■ Data excerpts
__________

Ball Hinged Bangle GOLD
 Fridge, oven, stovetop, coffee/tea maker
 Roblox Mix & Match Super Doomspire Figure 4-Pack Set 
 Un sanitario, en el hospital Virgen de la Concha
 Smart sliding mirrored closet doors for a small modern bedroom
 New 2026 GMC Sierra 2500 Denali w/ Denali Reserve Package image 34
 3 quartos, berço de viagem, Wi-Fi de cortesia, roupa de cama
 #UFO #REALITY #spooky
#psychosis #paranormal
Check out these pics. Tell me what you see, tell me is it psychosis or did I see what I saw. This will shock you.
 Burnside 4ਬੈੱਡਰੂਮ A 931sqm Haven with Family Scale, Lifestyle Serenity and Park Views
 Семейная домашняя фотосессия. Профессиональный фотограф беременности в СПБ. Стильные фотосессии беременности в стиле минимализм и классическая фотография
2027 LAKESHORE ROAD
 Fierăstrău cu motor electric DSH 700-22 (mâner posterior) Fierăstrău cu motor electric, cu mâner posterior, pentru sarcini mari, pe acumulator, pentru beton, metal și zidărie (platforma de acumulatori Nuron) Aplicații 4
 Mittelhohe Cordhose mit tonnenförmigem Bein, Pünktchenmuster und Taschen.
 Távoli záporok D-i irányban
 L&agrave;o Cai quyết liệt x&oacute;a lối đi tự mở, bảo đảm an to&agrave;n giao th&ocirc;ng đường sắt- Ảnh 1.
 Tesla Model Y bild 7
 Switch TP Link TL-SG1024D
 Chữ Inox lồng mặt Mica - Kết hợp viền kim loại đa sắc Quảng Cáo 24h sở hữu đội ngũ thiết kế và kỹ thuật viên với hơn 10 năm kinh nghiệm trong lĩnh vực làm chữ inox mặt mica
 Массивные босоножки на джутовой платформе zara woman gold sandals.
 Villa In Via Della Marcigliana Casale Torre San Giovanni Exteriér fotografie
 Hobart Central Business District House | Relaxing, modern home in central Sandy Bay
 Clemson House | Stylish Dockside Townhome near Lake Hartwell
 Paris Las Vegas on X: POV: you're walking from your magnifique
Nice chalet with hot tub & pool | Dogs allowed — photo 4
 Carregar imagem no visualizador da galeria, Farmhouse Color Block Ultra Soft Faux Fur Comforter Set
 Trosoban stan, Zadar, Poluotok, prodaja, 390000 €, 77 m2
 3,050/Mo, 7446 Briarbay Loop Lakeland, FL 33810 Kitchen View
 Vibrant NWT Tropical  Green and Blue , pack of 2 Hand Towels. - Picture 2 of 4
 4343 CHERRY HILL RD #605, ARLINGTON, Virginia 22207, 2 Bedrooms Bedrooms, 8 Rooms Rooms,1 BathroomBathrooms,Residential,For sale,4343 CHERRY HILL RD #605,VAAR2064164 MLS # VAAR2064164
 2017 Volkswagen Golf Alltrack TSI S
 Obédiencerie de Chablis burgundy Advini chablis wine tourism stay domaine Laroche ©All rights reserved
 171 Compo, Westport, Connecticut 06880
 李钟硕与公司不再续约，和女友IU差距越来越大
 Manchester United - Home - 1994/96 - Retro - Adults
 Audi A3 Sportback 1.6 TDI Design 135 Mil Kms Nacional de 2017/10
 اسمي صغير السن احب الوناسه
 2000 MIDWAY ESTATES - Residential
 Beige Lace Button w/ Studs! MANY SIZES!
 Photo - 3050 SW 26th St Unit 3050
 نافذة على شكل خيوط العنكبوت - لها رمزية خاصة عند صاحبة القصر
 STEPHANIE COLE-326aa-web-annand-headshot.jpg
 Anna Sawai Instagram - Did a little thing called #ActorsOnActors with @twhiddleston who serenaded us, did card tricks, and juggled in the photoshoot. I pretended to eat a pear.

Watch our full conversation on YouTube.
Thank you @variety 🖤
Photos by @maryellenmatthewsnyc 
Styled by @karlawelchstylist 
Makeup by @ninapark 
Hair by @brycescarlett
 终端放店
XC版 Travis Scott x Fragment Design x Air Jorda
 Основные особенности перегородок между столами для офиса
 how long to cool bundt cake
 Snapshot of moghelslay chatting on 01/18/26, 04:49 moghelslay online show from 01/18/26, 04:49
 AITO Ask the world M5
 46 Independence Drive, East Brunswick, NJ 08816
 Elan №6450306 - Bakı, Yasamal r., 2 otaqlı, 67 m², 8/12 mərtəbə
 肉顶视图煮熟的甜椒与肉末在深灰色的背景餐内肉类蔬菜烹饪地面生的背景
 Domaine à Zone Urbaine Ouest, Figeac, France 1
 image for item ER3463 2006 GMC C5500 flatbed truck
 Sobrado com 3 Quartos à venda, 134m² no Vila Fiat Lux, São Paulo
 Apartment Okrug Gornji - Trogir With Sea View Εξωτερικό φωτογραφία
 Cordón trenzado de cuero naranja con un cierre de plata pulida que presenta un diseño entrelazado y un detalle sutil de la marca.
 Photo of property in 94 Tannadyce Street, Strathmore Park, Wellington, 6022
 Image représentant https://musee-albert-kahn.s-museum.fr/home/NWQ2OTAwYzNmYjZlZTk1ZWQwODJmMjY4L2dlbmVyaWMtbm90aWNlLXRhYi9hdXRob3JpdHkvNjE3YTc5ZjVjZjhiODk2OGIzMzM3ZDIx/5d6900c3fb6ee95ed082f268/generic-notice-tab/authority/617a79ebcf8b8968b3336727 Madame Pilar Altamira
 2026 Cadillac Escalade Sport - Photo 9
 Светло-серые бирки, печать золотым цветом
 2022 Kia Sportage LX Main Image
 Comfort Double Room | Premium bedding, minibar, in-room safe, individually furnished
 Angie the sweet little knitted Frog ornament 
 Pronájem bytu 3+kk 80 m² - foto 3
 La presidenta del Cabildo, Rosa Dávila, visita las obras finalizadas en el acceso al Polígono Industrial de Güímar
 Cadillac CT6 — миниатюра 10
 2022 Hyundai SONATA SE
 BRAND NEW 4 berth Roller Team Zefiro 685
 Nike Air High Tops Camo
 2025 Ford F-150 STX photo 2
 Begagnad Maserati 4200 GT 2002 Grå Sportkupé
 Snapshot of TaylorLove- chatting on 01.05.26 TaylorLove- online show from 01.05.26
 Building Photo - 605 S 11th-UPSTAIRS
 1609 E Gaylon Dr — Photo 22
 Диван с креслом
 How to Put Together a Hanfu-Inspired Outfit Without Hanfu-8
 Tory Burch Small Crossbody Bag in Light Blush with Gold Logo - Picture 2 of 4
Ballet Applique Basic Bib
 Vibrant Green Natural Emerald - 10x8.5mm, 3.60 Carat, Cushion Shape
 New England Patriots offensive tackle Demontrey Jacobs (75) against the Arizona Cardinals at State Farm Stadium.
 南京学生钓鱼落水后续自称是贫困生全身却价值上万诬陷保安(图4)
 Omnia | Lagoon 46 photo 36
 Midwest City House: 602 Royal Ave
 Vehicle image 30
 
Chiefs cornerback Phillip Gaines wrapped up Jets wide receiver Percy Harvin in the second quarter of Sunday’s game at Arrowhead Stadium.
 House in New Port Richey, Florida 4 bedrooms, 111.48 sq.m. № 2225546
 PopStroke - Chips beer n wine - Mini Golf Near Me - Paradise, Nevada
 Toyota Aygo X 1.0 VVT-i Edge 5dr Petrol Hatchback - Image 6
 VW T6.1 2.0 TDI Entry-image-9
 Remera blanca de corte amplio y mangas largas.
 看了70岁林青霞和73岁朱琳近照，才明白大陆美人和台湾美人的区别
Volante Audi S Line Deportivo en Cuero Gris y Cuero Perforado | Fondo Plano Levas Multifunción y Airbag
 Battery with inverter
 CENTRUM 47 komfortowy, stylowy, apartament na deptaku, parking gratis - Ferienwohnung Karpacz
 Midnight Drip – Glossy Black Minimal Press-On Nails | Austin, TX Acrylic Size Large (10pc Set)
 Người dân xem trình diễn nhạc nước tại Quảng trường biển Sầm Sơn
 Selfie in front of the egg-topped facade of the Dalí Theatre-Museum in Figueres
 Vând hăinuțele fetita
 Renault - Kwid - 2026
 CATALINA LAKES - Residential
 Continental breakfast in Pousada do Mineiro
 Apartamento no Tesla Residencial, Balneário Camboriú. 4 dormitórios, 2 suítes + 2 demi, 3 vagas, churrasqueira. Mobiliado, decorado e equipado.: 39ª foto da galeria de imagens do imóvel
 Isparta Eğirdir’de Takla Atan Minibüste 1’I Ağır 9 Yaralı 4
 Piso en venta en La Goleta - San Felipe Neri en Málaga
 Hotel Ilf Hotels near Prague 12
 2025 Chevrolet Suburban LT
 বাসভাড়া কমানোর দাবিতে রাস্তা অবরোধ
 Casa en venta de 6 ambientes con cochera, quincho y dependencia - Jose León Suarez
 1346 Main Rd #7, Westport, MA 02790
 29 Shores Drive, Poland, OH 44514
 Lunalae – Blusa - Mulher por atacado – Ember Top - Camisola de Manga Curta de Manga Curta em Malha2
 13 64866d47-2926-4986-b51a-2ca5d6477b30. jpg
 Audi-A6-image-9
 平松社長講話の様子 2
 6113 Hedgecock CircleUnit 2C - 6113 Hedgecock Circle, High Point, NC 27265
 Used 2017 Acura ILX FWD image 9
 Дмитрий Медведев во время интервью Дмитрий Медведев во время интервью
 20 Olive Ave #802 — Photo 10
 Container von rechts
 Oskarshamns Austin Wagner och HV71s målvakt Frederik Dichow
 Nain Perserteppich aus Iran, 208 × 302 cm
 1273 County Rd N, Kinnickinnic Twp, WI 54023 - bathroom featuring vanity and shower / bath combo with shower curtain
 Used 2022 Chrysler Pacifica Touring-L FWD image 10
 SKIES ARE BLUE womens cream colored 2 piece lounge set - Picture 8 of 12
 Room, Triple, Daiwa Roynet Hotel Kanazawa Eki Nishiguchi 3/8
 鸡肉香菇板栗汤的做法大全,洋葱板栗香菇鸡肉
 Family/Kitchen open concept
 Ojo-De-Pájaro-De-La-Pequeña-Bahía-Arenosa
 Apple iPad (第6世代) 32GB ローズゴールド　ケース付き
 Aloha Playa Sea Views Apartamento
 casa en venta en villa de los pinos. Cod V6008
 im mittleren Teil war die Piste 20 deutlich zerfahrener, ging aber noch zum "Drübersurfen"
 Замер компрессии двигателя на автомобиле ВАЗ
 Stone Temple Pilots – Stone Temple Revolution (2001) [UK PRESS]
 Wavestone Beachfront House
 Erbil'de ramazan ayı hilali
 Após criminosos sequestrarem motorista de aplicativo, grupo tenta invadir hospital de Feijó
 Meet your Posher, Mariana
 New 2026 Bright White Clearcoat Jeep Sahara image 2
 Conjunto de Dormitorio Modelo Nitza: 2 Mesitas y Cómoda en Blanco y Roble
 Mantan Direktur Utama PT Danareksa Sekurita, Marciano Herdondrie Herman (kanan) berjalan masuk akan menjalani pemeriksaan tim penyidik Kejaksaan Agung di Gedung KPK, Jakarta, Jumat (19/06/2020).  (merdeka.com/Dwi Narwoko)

__________

■ What needs to be done
Filter the records for lines holding the string "Residential". Copy each one.

■ Response for this exercise
 4343 CHERRY HILL RD #605, ARLINGTON, Virginia 22207, 2 Bedrooms Bedrooms, 8 Rooms Rooms,1 BathroomBathrooms,Residential,For sale,4343 CHERRY HILL RD #605,VAAR2064164 MLS # VAAR2064164
 2000 MIDWAY ESTATES - Residential
 CATALINA LAKES - Residential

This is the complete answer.